United States v. Aiello (Gelardo)

CourtCourt of Appeals for the Second Circuit
DecidedFebruary 12, 2026
Docket25-3081
StatusUnpublished

This text of United States v. Aiello (Gelardo) (United States v. Aiello (Gelardo)) is published on Counsel Stack Legal Research, covering Court of Appeals for the Second Circuit primary law. Counsel Stack provides free access to over 12 million legal documents including statutes, case law, regulations, and constitutions.

Bluebook
United States v.
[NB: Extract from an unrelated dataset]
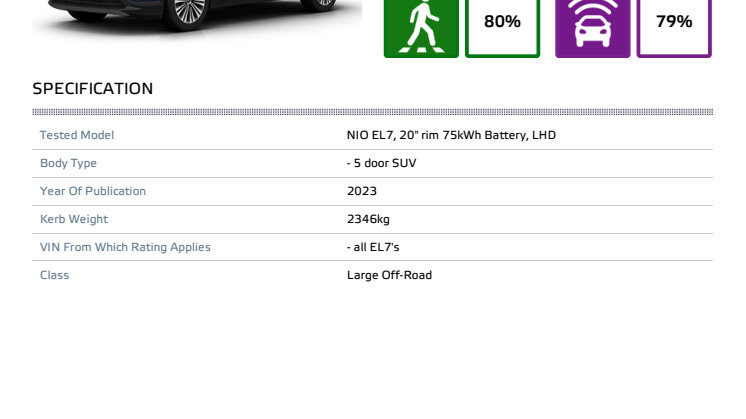 NIO_EL7_2023_Datasheet.pdf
Aiello (Gelardo), (2d Cir. 2026).

Opinion

25-3081 United States v. Aiello (Gelardo)

UNITED STATES COURT OF APPEALS FOR THE SECOND CIRCUIT

SUMMARY ORDER

RULINGS BY SUMMARY ORDER DO NOT HAVE PRECEDENTIAL EFFECT. CITATION TO A SUMMARY ORDER FILED ON OR AFTER JANUARY 1, 2007, IS PERMITTED AND IS GOVERNED BY FEDERAL RULE OF APPELLATE PROCEDURE 32.1 AND THIS COURT’S LOCAL RULE 32.1.1. WHEN CITING A SUMMARY ORDER IN A DOCUMENT FILED WITH THIS COURT, A PARTY MUST CITE EITHER THE FEDERAL APPENDIX OR AN ELECTRONIC DATABASE (WITH THE NOTATION “SUMMARY ORDER”). A PARTY CITING A SUMMARY ORDER MUST SERVE A COPY OF IT ON ANY PARTY NOT REPRESENTED BY COUNSEL.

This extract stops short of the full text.